### What is expected
Repeat, word for word, each of the records shown below, without their pictures.

═══ Excerpted data ═══

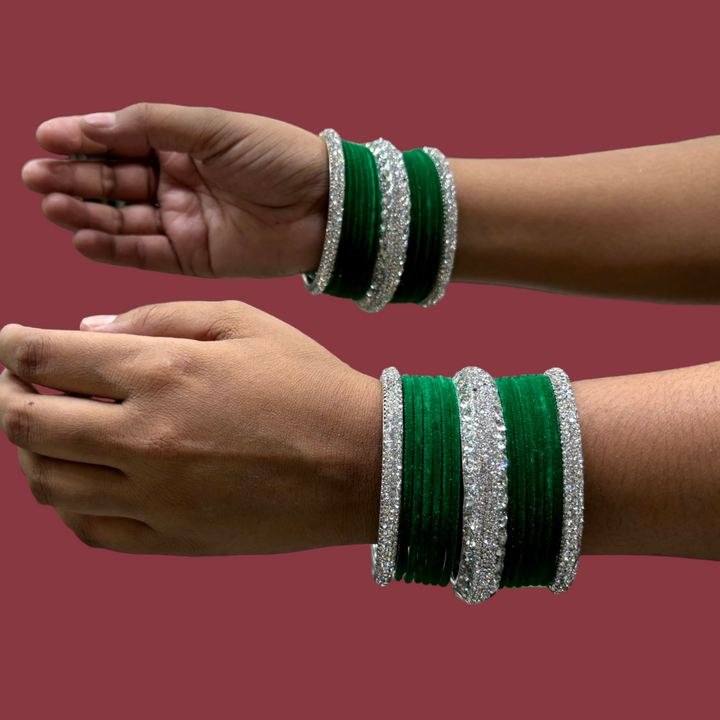 Metal Bangles with 6 Silver Kada PMB008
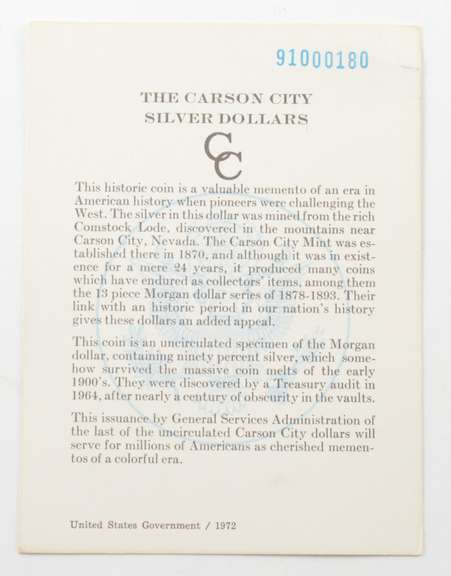 1891 Carson City Morgan Silver Dollar GSA COA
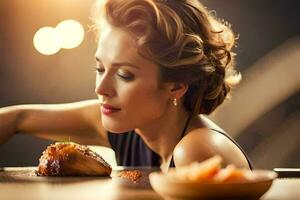 uma mulher olhando às uma prato do Comida. gerado por IA foto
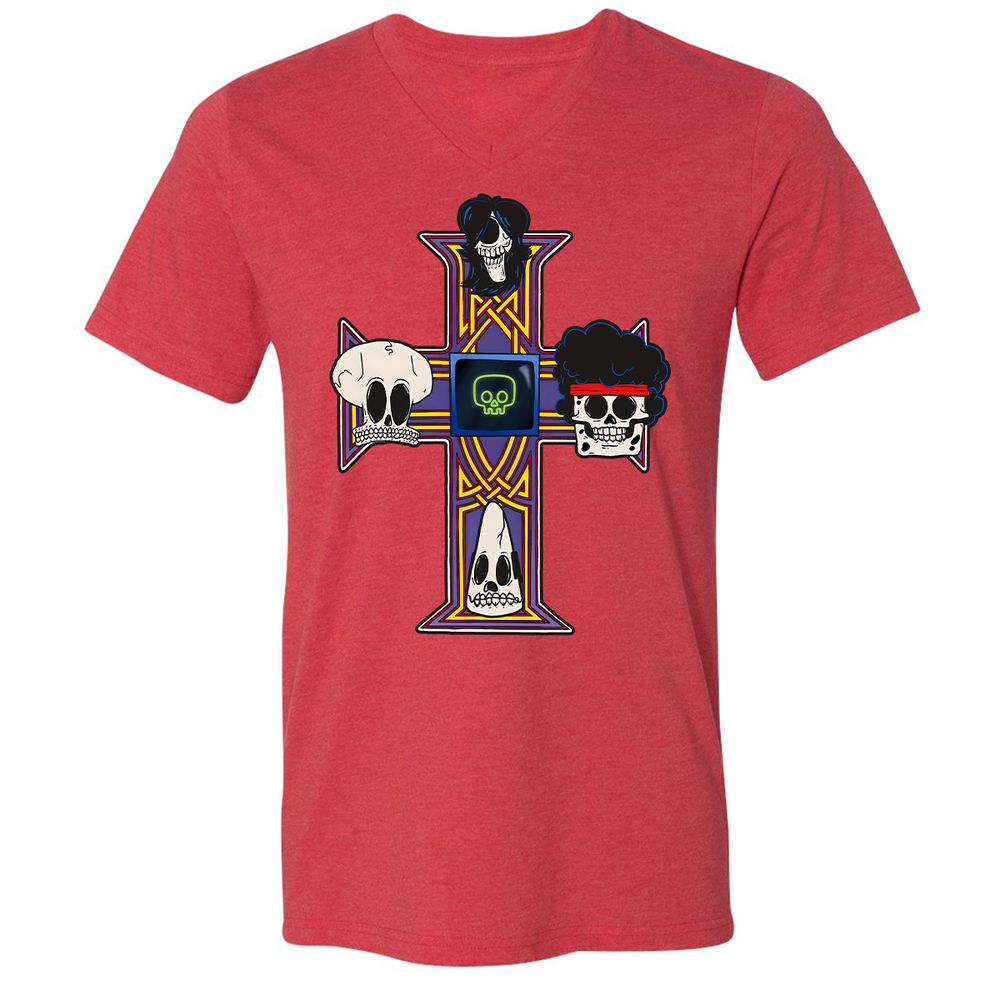 Unisex V-Neck T-Shirt - 33A1F38Y - Heather Red - 16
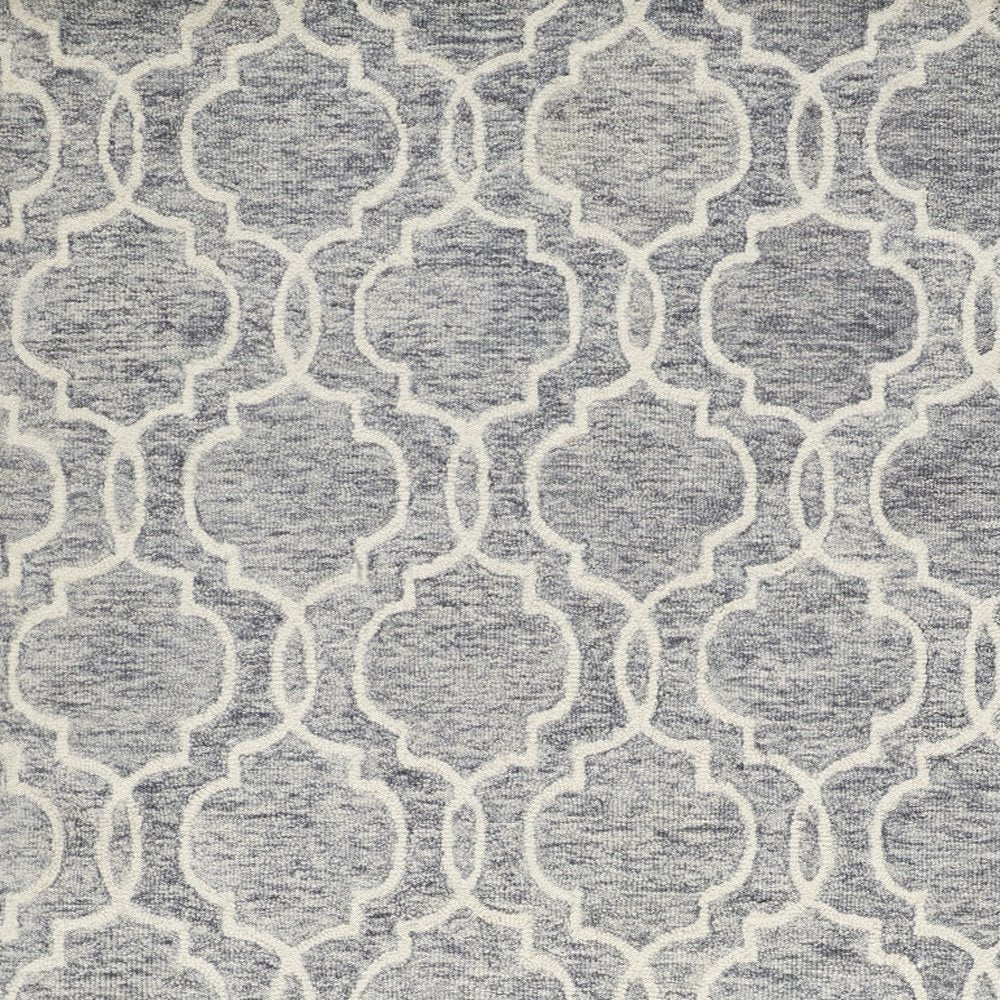 10' X 14' Ivory And Gray Wool Geometric Hand Tufted Area Rug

═══

### Written answer
 Metal Bangles with 6 Silver Kada PMB008
 1891 Carson City Morgan Silver Dollar GSA COA
 uma mulher olhando às uma prato do Comida. gerado por IA foto
 Unisex V-Neck T-Shirt - 33A1F38Y - Heather Red - 16
 10' X 14' Ivory And Gray Wool Geometric Hand Tufted Area Rug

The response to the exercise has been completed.